▶ _TRY IT_
Copy the closing run of lines, from the one with "Una foto de" through the last line of the listing, exactly and without any pictures.

▶ _GIVEN MATERIAL_
[Start of Attachment]
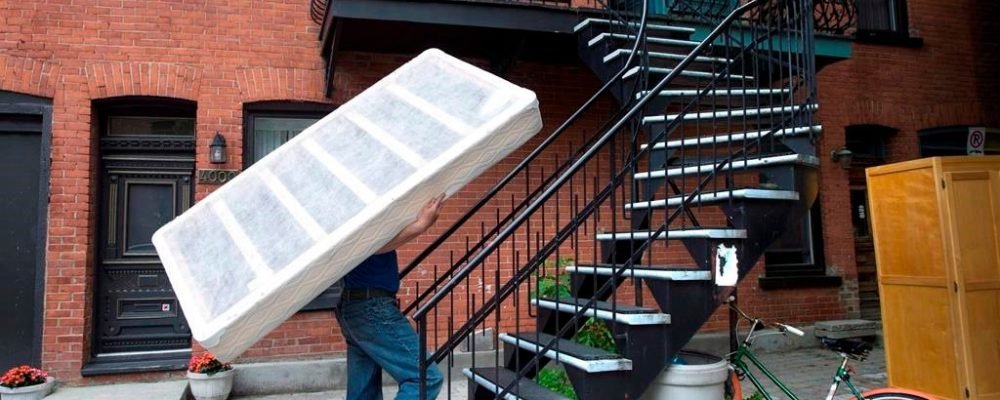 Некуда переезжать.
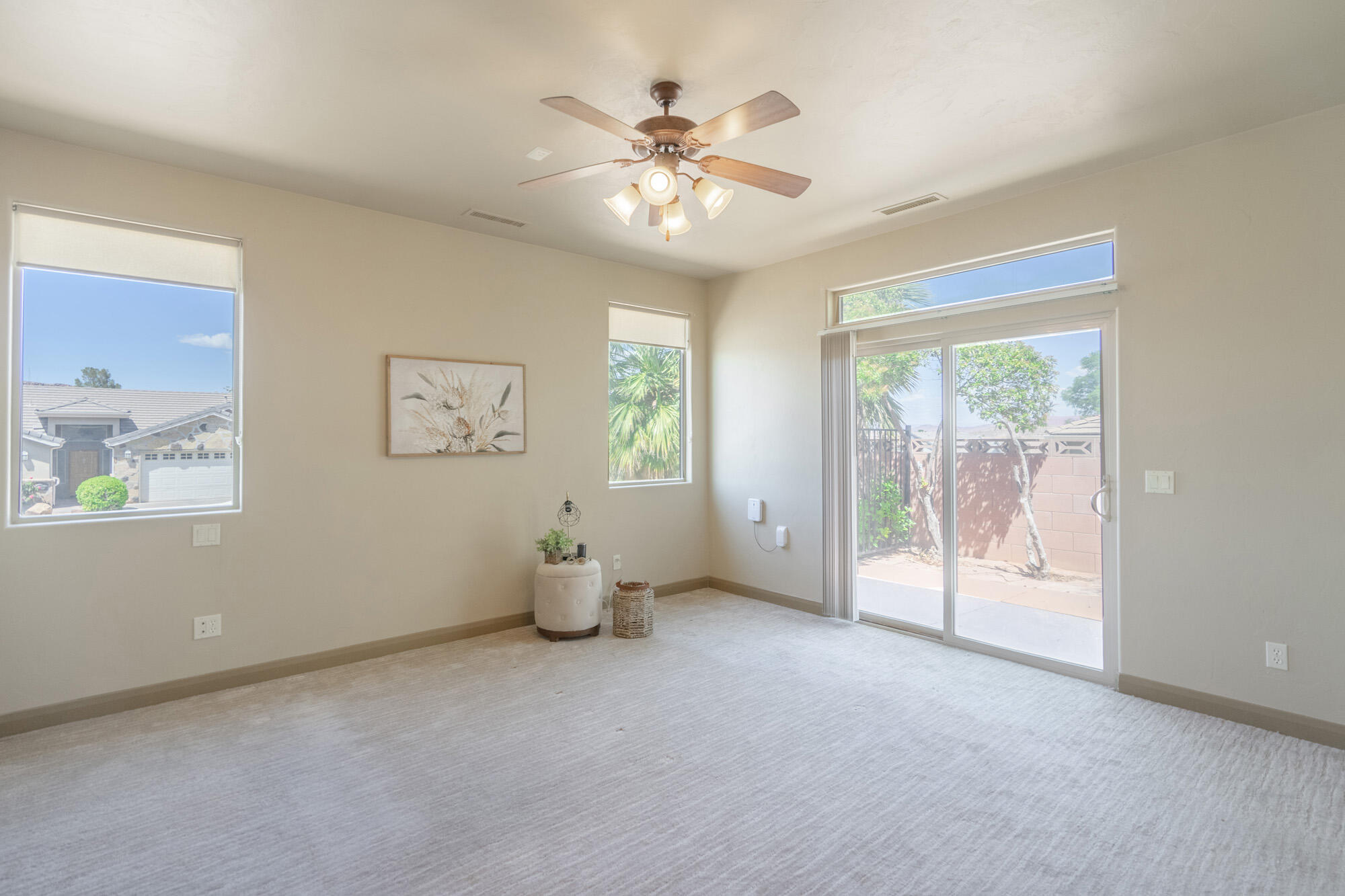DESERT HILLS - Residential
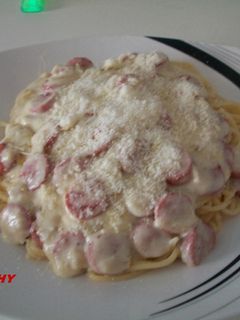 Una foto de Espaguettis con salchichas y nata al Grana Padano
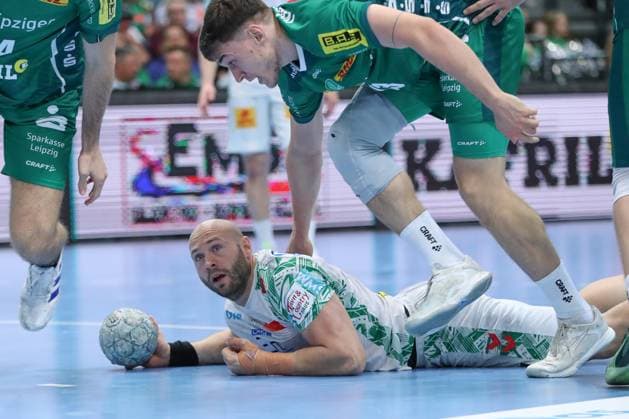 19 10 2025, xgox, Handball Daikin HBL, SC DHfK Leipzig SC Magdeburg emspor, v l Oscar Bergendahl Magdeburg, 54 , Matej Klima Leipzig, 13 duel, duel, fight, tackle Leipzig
[End of Attachment]
▶ _THE ANSWER_
 Una foto de Espaguettis con salchichas y nata al Grana Padano
 19 10 2025, xgox, Handball Daikin HBL, SC DHfK Leipzig SC Magdeburg emspor, v l Oscar Bergendahl Magdeburg, 54 , Matej Klima Leipzig, 13 duel, duel, fight, tackle Leipzig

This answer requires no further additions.